The collected fecal contents were processed for the 16S rRNA metagenomic analysis, and the OTUs were taken as a parameter to reflect different microbial taxonomies. In total, 2,645 OTUs were shared by the ao and bo groups (see Figure 1A). Of which, 1,182 OTUs were observed in bo.PHLF vs. nbo.PHLF, 1,722 in ao.PHLF vs. bo.PHLF, 1,624 in nao.PHLF vs. nbo.PHLF, and 1,403 in ao.PHLF vs. nao.PHLF (see Figure 1B). In relation to α diversity, no significant differences in richness and evenness were found in the all-group comparative analysis (see Figure S1). For β diversity, ao vs. bo (see Figure 1C) indicated significant statistical difference. bo.PHLF vs. nbo.PHLF showed no such statistically significant difference (see Figure 1D). ao.PHLF vs. bo.PHLF (see Figure 1E), and nao.PHLF vs. nbo.PHLF (see Figure 1F), presented statistically significant differences.

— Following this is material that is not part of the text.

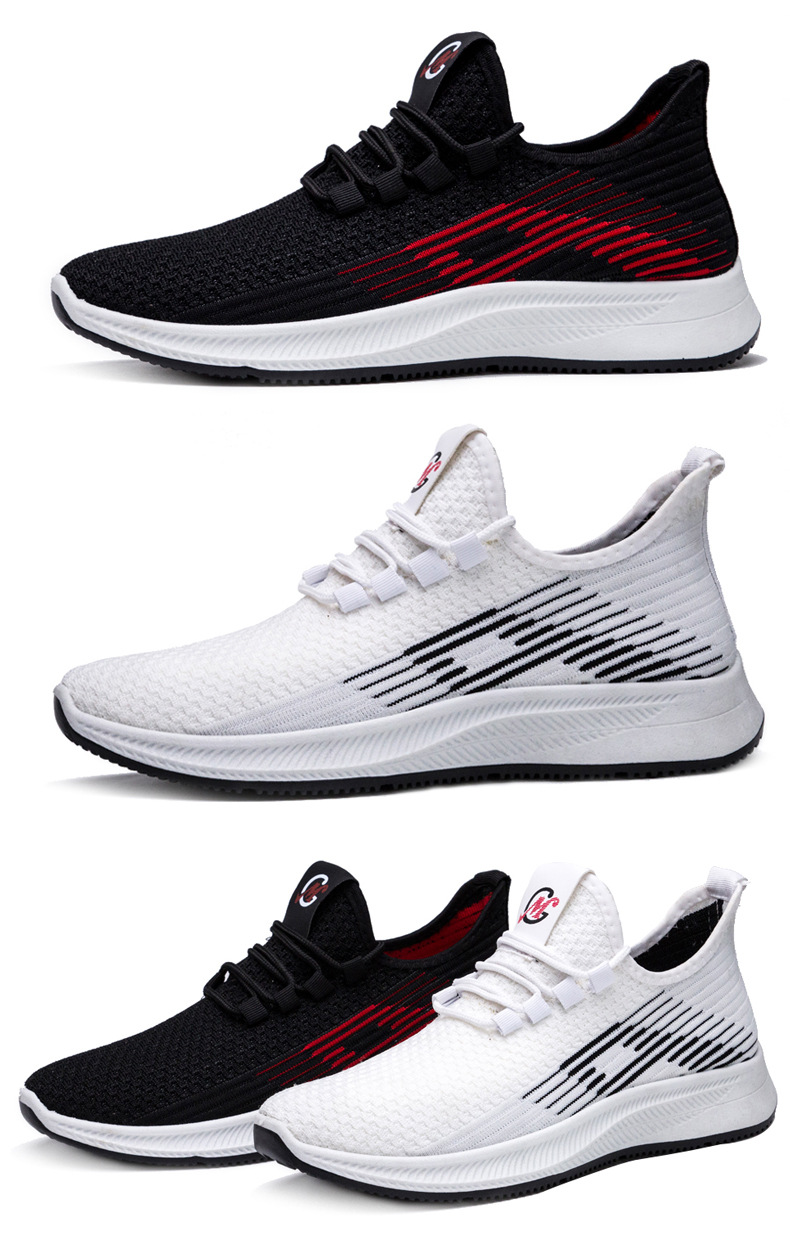 新款春季男鞋休闲鞋潮流学生跑步鞋 男士运动鞋 飞织透气鞋子详情22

Figure 1 Identification of the gut microbe using the metagenomics analysis. Venn diagrams showing the common OTUs among (A) groups ao and bo; (B) comparison of subgroups between Groups A and B. β-diversity analysis: a PCoA with weighted UniFrac distances was conducted to cluster the gut microbiota, and ANOSIM was used to analyze the statistical differences. A P value <0.05 was considered statistically significant (C) ao vs. bo (P=0.001, R=0.1547); (D) bo.PHLF vs. nbo.PHLF (baseline control) (P=0.198, R=0.0571); (E) ao.PHLF vs. bo.PHLF (P=0.018, R=0.1186); (F) nao.PHLF vs. nbo.PHLF (P=0.001, R=0.1571). OTU, operational taxonomic unit; PHLF, post-hepatectomy liver failure; ao, after-operation; bo, before-operation; PCoA, Primary Coordinate Analysis; nao, non-after-operation; nbo, non-before-operation.

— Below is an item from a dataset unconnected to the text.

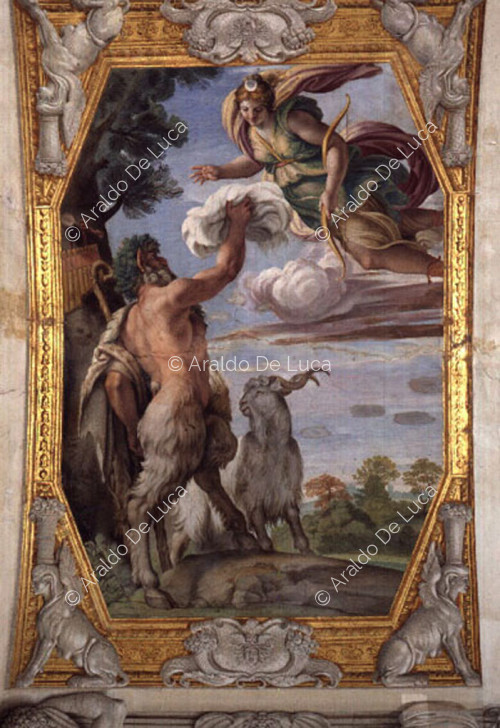 Vault fresco with Diana and Pan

Gut microbial abundance analysis based on taxonomy

The top 10 differential bacteria were analyzed by taxonomy based on the phylum, class, order, family, and genus levels between the ao and bo groups (see Figure 2A and Figure S2A). At the phylum level, the abundance of proteobacteria was significantly higher in the ao group than the bo group. At the class level, Clostridia was less abundant while bacilli and Gammaproteobacteria were increased. At the order level, Lachnospirales and Oscillospirales showed a downward trend while Lactobacillales, Enterobacterales, and Christensenellales showed an upward trend, and their families, including Enterococcaceae, Enterobacteriaceae, Erwiniaceae, and Christensenellaceae, were observed to be highly abundant in the ao group (see Figure S2B). At the genus level, Prevotella, Bacteroides, Akkermansia, enterococcus, Escherichia-Shigella, Klebsiella, Streptococcus, Lactobacillus, Blautia, and Faecalibacterium were observed to be the top 10 bacteria of differential relative abundance in the ao vs. bo groups (see Figure 2B). Thus, gut microbial abundance is greatly affected after hepatectomy, and the abundance of Klebsiella is notably elevated.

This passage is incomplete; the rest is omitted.